From the article "Mothers and others" by Sarah Blaffer Hardy (available at http://www.citrona.com/articlesbysbh.htm. In this article, Sarah Hrdy proposes that humans are cooperative breeders,discusses alloparenting and worries about its future):
"And this is why I get so worried. Just because humans have evolved to be smart enough to chronicle our species' histories, to speculate about its origins, and to figure out that we have about 30,000 genes in our genome is no reason to assume that evolution has come to a standstill. As gene frequencies change, natural selection acts on the outcome, the
expression of those genes. No one doubts, for instance, that fish benefit from being able to see. Yet species reared in total darkness—as are the small, cave-dwelling characin of Mexico—fail to develop their visual capacity. Through evolutionary time, traits that are unexpressed are eventually lost.
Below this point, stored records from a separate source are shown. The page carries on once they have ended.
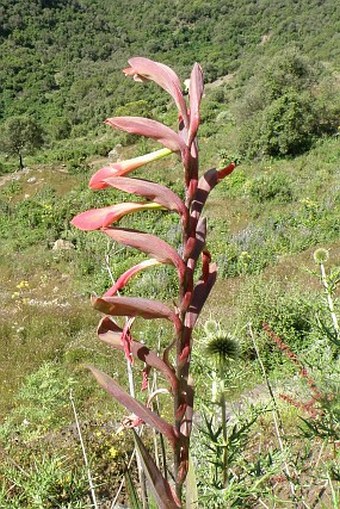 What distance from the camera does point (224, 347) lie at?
111 centimetres

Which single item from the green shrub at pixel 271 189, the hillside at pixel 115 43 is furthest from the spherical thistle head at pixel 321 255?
the hillside at pixel 115 43

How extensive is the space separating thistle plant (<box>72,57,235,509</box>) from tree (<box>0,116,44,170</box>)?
3078 centimetres

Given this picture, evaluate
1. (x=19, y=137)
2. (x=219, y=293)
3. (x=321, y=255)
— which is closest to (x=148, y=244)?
(x=321, y=255)

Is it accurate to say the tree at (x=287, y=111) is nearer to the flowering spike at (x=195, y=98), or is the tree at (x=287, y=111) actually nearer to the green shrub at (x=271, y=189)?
the green shrub at (x=271, y=189)

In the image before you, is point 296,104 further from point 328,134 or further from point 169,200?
point 169,200

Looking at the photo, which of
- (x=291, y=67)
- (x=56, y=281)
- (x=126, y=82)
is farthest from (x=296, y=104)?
(x=126, y=82)

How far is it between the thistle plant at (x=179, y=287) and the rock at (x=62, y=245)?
43.9ft

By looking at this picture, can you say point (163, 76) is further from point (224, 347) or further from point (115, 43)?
point (115, 43)

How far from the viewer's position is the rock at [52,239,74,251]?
14.1 meters

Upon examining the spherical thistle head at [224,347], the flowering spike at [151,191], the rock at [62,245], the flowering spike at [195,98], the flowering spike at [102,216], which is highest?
the flowering spike at [195,98]

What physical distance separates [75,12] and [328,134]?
72.6 meters

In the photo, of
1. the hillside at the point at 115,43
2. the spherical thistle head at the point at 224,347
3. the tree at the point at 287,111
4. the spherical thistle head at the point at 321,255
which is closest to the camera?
the spherical thistle head at the point at 224,347

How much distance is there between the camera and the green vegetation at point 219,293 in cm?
130

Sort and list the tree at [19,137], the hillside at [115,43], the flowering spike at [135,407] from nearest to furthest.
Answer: the flowering spike at [135,407] < the tree at [19,137] < the hillside at [115,43] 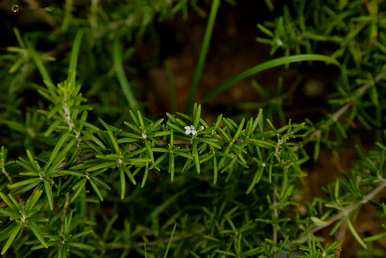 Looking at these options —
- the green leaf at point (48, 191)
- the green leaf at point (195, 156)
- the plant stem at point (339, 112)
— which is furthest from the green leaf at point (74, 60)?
the plant stem at point (339, 112)

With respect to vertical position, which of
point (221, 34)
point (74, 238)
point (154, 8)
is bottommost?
point (74, 238)

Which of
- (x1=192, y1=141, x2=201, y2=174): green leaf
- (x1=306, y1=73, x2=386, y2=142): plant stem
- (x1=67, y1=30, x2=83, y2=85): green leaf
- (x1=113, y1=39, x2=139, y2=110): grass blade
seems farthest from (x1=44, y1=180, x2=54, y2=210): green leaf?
(x1=306, y1=73, x2=386, y2=142): plant stem

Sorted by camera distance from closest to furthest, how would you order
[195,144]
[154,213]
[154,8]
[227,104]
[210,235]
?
[195,144] → [210,235] → [154,213] → [154,8] → [227,104]

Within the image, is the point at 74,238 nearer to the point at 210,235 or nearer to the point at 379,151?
the point at 210,235

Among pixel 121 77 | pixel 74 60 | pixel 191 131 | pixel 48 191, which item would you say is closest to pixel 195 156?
pixel 191 131

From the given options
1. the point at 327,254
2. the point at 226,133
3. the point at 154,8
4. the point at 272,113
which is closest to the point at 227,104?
the point at 272,113

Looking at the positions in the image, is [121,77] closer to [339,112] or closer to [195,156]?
[195,156]

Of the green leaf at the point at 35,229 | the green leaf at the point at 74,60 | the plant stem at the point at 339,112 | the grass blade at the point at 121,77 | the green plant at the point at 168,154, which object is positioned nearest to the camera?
the green leaf at the point at 35,229

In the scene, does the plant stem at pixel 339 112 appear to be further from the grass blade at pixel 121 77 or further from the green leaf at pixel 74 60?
the green leaf at pixel 74 60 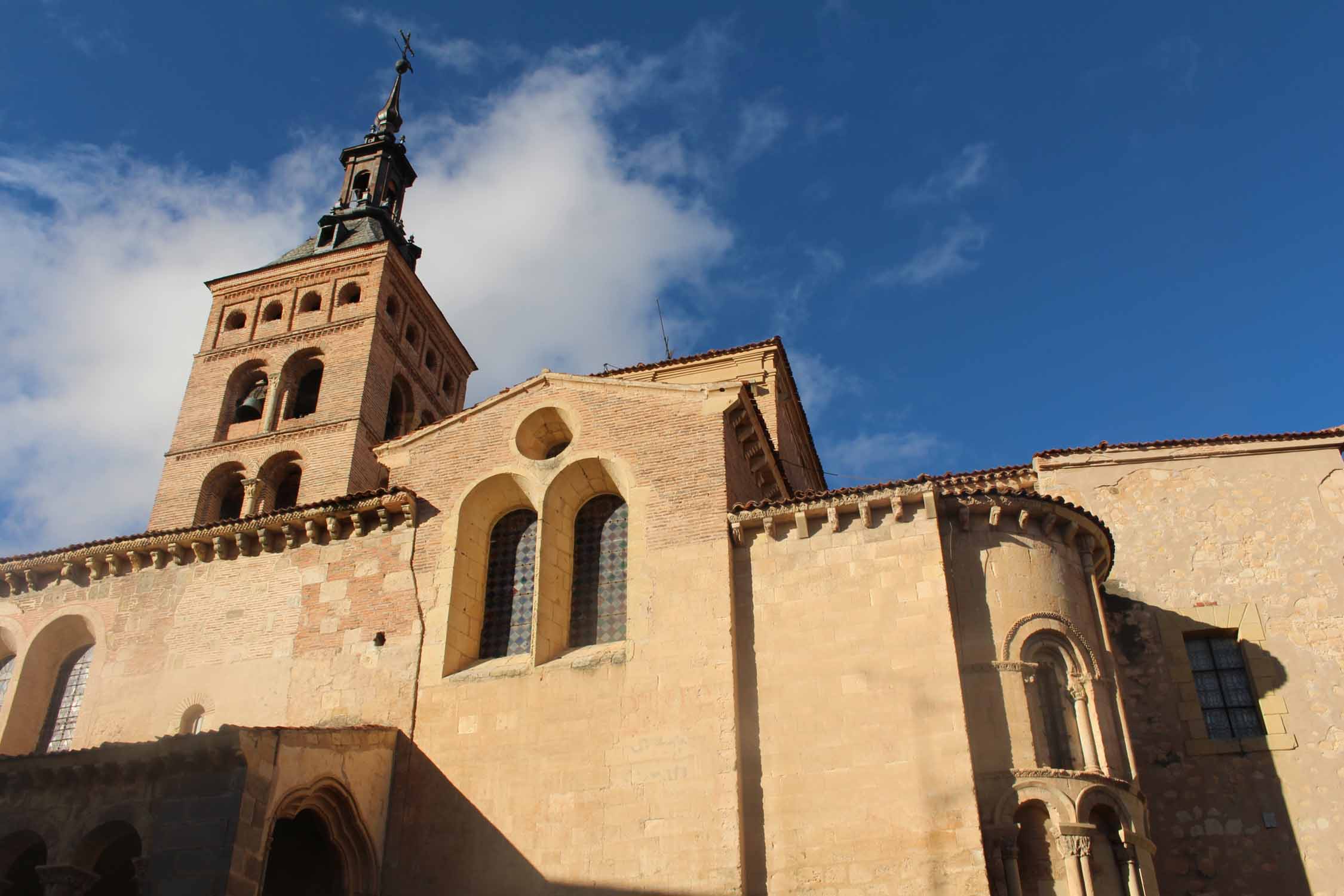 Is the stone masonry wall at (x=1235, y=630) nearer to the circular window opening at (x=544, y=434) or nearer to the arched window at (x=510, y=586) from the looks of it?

If populations of these fish are isolated in caves long
enough, youngsters descended from those original populations will no longer be able to develop eyesight at all, even if reared in sunlight.
If human compassion develops only under particular rearing conditions, and if an increasing proportion of the species survives to breeding age without developing compassion, it won't make any difference how useful this trait was among our ancestors. It will become like sight in cave-dwelling fish.
No doubt our descendants thousands of years from now (should our species survive) will still be bipedal, symbol-generating apes. Most likely they will be adept at using sophisticated technologies. But will they still be human in the way we, shaped by a long heritage of cooperative breeding, currently define ourselves?"